• EXERCISE GOAL
An exact copy of the records below is required, and it must contain no pictures.

• DATASET EXTRACT
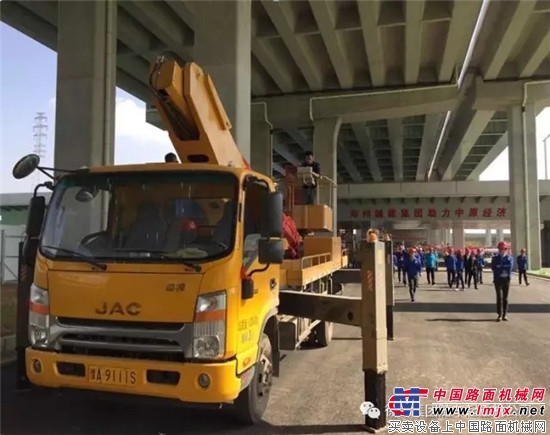 徐工高空作業車持續發力，推動鄭州107輔道快速路提前通車。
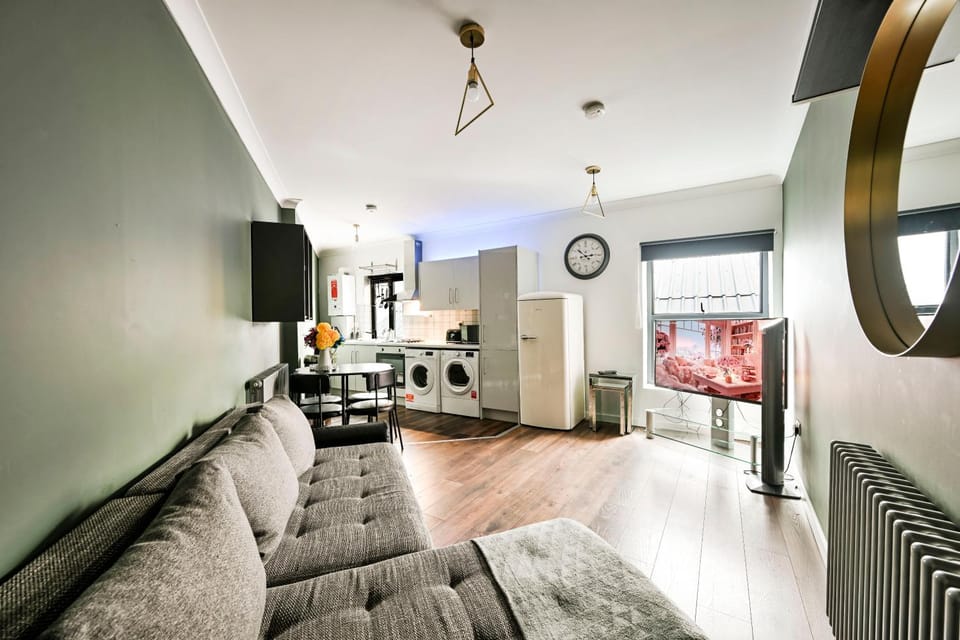 Bright & Modern Apartment in Hackney Wick E3 Apartment in London Borough of Hackney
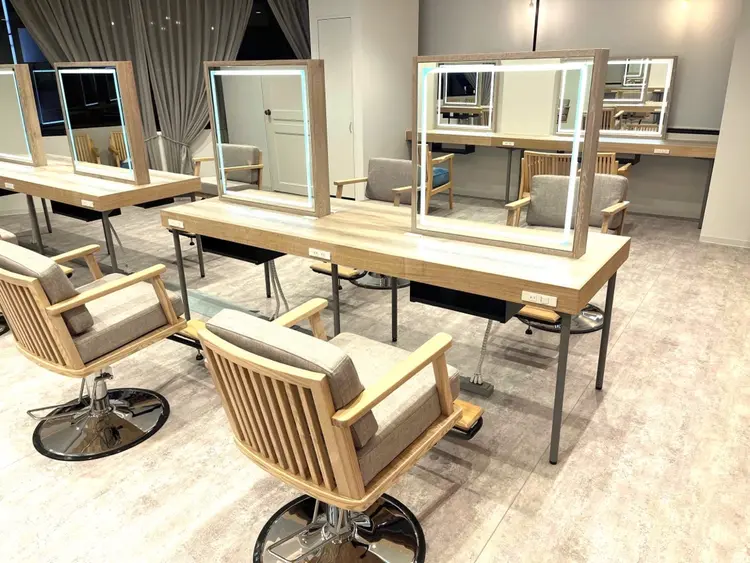 little  ×neneの内観・外観3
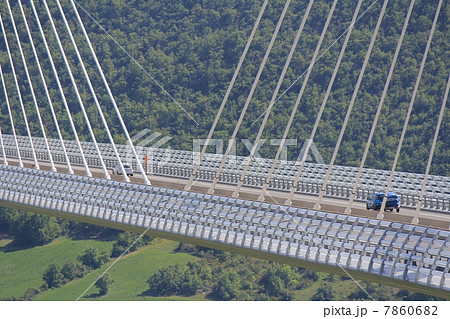 世界一高いミオー橋 　フランス　 7860682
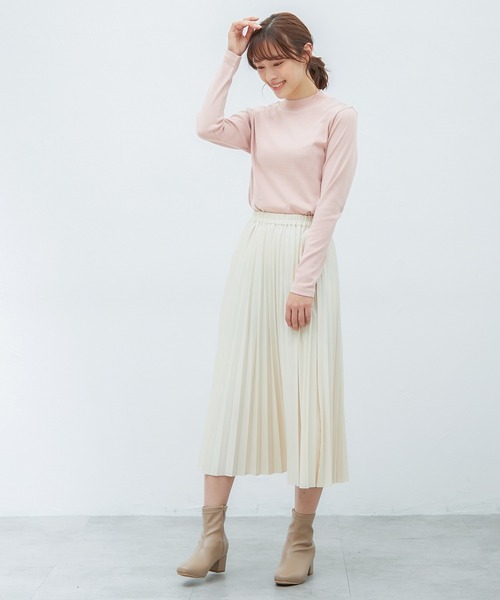 Honeys(ハニーズ)の「ハイネックTシャツ(Tシャツ/カットソー・レディース・ライトベージュ/ダークベージュ/ブラック/ボルドー/スミクロ/ブルーグレー/ピンク系その他・M/L/S)」の18枚目の写真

• RESPONSE AREA
 徐工高空作業車持續發力，推動鄭州107輔道快速路提前通車。
 Bright & Modern Apartment in Hackney Wick E3 Apartment in London Borough of Hackney
 little  ×neneの内観・外観3
 世界一高いミオー橋 　フランス　 7860682
 Honeys(ハニーズ)の「ハイネックTシャツ(Tシャツ/カットソー・レディース・ライトベージュ/ダークベージュ/ブラック/ボルドー/スミクロ/ブルーグレー/ピンク系その他・M/L/S)」の18枚目の写真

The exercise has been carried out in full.